Die Ibiza-Affäre zieht immer weitere Kreise. Erst nach getanem Schaden zeigte sich, dass das Video gegen die FPÖ-Politiker Gudenus und Strache böswillig und verfälscht zusammengeschnitten war und dass es wie sauer Bier überall zum Kauf angeboten wurde. Dann sagte der Initiator des Belastungsvideos aus, dass der österreichische Bundeskanzler Sebastian Kurz in Kokainparties verwickelt war, und jetzt wurden im Zuge der Aufklärung des Ibiza-Videos auch noch Chats gefunden, die zeigen, dass der Kanzler einen uferlosen Postenschacher mit seinen Günstlingen betrieben hat. Nun stehen Strafanzeigen im Raum.

Der in Österreich spöttisch „Wunderwutzi“ genannte Sebastian Kurz, konnte sich geschickt ins Kanzleramt katapultieren. Er profitierte enorm durch den Ibiza-Skandal. Der spätere ÖBAG-Vorstandsvorsitzende Thomas Schmid war in diesen höchst verdächtigen Skandal verwickelt. In der Folge beschlagnahmten die Korruptionsermittler dessen Smartphone. Herr Schmid hatte zwar vorsichtshalber sein Handy auf Werkseinstellung zurückgesetzt, das half aber nicht. Die Fahnder konnten mehr als 300.000 Posts aus der Cloud wiederherstellen. Nun folgt eine belastende Enthüllung nach der anderen. Die österreichische Wirtschafts- und Korruptions-Staatsanwaltschaft hat daraus ein 186-seitiges Dokument erstellt, das auch dem Sender n-tv vorliegt.

Als der gutaussehende, smarte Jüngling Sebastian Kurz sein hohes Amt antrat, ließ er wissen, dass auch bei den Besetzungen der hochdotierten Posten in Politik und Wirtschaft ein frischer Wind wehen werde: Schluss mit Parteibuch-Karrieren, mit Seilschaften, die die wichtigen Posten besetzen, Schluss mit der Günstlingswirtschaft. Kanzler Kurz erntete überall Büsche von Vorschusslorbeeren. Zu Unrecht. Die Günstlingswirtschaft erreichte unter dem gefeierten, jungen Schönling ungeahnte Höhen.
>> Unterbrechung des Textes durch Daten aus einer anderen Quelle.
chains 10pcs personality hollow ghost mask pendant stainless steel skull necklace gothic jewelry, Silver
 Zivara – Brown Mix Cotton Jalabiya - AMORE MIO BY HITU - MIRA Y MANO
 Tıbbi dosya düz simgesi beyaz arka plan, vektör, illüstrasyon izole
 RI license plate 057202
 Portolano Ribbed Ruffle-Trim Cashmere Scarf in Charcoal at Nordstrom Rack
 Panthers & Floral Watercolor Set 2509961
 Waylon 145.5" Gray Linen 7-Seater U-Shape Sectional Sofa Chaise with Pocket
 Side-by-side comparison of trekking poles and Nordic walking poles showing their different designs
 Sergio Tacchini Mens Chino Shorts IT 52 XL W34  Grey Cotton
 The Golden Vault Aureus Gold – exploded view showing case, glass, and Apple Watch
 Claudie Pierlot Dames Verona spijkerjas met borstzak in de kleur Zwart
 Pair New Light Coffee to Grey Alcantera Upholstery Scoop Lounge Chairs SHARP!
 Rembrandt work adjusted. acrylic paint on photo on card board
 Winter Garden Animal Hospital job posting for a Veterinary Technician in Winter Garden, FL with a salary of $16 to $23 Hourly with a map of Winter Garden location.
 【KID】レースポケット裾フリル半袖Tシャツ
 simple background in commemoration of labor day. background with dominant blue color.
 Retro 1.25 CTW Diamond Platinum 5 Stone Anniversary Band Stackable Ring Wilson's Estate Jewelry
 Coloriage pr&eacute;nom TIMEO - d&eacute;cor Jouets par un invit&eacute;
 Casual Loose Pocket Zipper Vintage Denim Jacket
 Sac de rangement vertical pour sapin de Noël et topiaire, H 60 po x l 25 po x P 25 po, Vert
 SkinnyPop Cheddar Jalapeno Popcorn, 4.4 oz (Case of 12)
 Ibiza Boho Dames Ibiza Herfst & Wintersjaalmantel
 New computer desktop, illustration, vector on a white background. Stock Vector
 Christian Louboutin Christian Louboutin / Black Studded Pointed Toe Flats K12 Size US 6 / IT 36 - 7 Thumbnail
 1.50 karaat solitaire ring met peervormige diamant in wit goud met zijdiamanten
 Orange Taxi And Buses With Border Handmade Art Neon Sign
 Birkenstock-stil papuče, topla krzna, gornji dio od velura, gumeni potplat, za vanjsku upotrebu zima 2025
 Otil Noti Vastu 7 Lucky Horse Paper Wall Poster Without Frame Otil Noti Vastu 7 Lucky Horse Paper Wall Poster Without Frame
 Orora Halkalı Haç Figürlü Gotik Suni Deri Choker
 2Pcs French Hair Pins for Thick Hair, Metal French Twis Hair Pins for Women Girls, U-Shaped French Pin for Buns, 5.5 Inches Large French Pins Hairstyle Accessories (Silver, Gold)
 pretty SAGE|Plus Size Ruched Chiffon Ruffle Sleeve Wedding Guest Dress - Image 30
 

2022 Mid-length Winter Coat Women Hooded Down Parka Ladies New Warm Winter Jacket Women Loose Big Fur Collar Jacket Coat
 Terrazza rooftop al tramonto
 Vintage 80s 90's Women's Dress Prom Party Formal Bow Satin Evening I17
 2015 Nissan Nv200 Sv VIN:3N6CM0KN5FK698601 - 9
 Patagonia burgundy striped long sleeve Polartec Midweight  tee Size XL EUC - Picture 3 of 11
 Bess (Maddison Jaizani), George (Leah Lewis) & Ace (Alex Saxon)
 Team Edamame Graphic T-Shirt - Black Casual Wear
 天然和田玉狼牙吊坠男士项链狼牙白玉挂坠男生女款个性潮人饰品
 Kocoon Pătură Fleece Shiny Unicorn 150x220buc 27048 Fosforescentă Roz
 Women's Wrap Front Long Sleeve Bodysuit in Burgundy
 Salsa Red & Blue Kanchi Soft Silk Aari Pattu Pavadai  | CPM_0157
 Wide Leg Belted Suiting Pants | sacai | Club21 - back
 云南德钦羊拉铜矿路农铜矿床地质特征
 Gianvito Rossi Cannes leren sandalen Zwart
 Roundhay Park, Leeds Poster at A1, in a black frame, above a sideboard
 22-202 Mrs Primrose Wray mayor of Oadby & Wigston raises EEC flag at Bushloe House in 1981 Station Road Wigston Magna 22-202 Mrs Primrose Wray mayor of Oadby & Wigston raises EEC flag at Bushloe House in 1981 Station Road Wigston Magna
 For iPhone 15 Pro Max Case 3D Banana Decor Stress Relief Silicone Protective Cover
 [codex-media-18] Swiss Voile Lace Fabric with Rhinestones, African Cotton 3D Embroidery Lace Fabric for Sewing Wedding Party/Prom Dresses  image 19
Die Kurznachrichten seiner Clique sind allzu entlarvend. Zwar stiegen die beiden Haupt-Strippenzieher Kanzler Sebastian Kurz und Gernot Blümel und der ÖBAG-Chef Thomas Schmid nun die Konsequenz daraus und tun es vielen Messenger-Nutzern nach: Sie steigen auf das abhörsichere „Signal“ um – doch das Kind liegt schon im Brunnen. Die SMS-Chats sind den Ermittlern bekannt. So kann es einem gehen, wenn man überall Datenspeicherung und Überwachung installiert – in dem Glauben, es treffe ja nur die dummen Bürger.

Auf diese Weise fand man also die Chats mit Botschaften, wie „Tue es für mich 😘“ mit Bussi-Smiley daneben. Kann denn Liebe Sünde sein? Manchmal eben schon. Gernot Blümel wurde Finanzminister, aber bevor das klappte, hatte er wohl einige Problemchen und bat den Kanzler, mit dem damaligen General des Finanzministeriums zu sprechen.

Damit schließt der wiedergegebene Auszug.